A team of researchers including Younes Ben Mazziane and Cleque-Marlain Mboulou Moutoubi has published a significant game theory paper titled "Learning in Proportional Allocation Auctions Games" on arXiv. The work analyzes the repeated Kelly auction game, a proportional allocation mechanism where a divisible resource (like bandwidth or compute) is split among agents based on their bids. The researchers first derived the game's structure from real-world problems like fairness-throughput trade-offs in wireless network slicing, proving the stage game has a unique Nash Equilibrium (NE).

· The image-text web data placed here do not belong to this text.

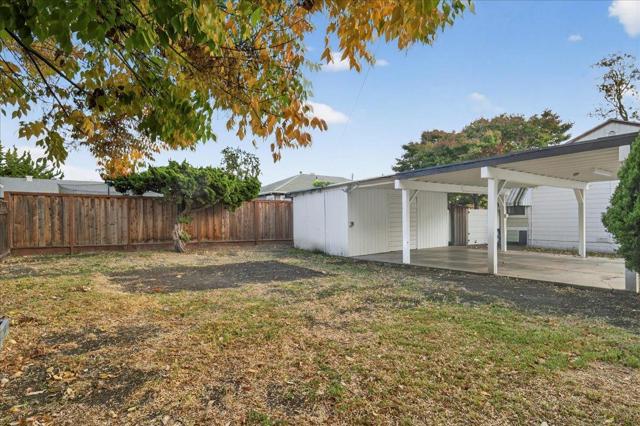 3703 Florence Street, Redwood City CA: https://media.crmls.org/mediaz/ab4d168f-9d71-4927-9a48-4410ed96e5ff.jpg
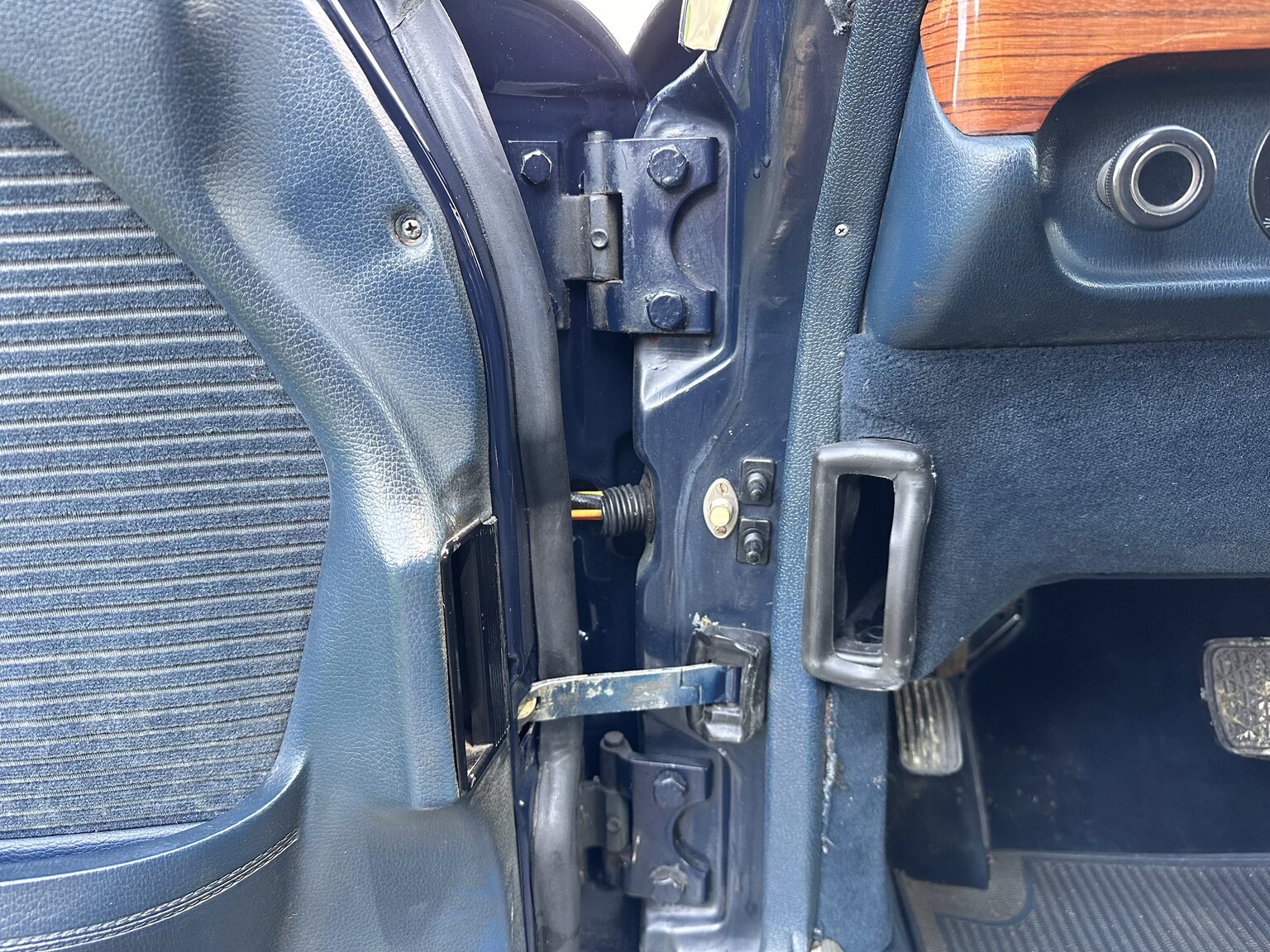 Interiörbild 1975 Mercedes-Benz 450 SEL 6.9 Bepansrad 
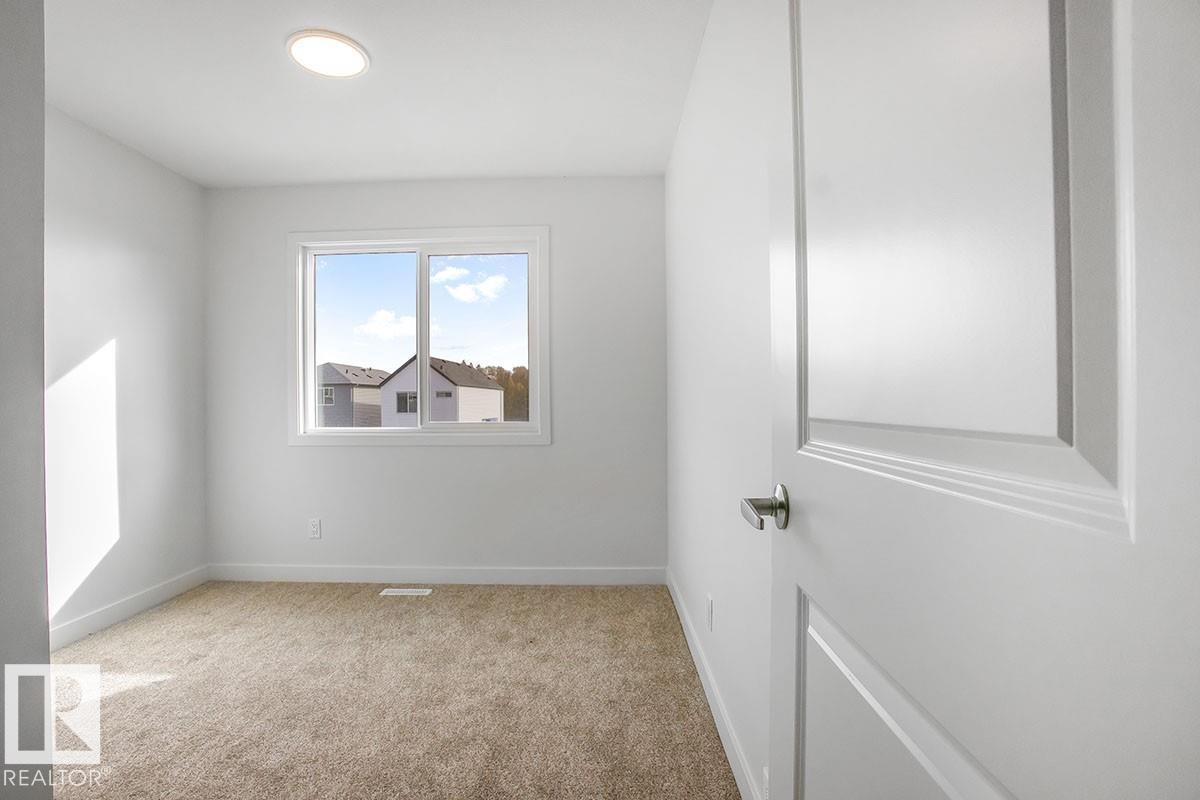 9125 Elves Lo Nw, Edmonton, Alberta  T6M 3G2 - Photo 13 - E4462566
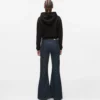 Jeans med splittad fåll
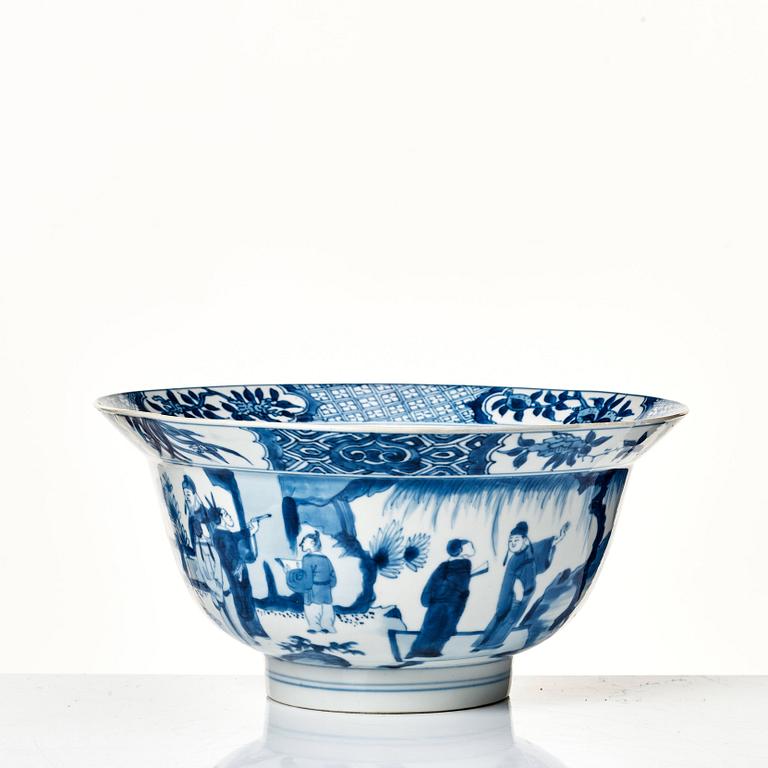 A blue and white bowl, Qing dynasty, Kangxi mark and period (1662-1722).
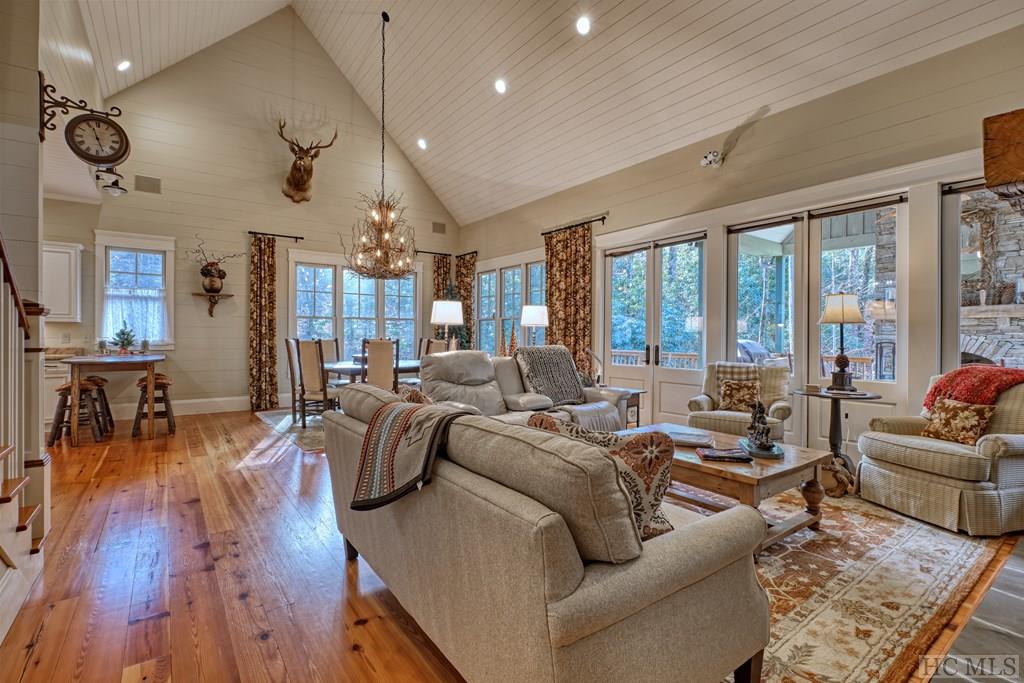 41 Racquet Club Drive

They then tackled the core question of learning dynamics: what happens when AI agents repeatedly play this auction while trying to learn and optimize? The paper provides strong theoretical guarantees, proving convergence to the NE under three distinct behavioral models. These are: all agents using Online Gradient Descent (OGD), all using a variant of Follow-the-Regularized-Leader called Dual Averaging with a quadratic regularizer (DAQ), and all playing myopic Best Responses (BR). Crucially, convergence holds even when agents use personalized, non-identical learning rates, which is common in practice.
Extensive simulations complemented the theory, comparing the models on convergence speed and time-average utility. The results revealed that myopic Best Response (BR) achieved both the fastest convergence and the highest utility for agents. However, a critical caveat emerged: convergence can fail under heterogeneous update rules, meaning stability isn't guaranteed if agents in the same system use different learning algorithms. This finding is crucial for system design.
This research provides a formal foundation for understanding and designing multi-agent systems where AI entities must repeatedly compete for shared resources through bidding. The proven convergence results offer engineers and economists a toolkit of stable learning algorithms (OGD, DAQ, BR) for applications ranging from cloud computing and 5G network slicing to decentralized finance (DeFi) mechanisms.
- Proves convergence to Nash Equilibrium for agents using OGD, DAQ, or Best Response algorithms, even with personalized learning rates.
- Simulations show myopic Best Response (BR) achieves fastest convergence and highest time-average utility for agents.
- Identifies a key failure mode: convergence breaks under heterogeneous update rules where agents use different algorithms.
Why It Matters
Provides a stable algorithmic foundation for designing AI systems that compete for resources in auctions, critical for networking and cloud infrastructure.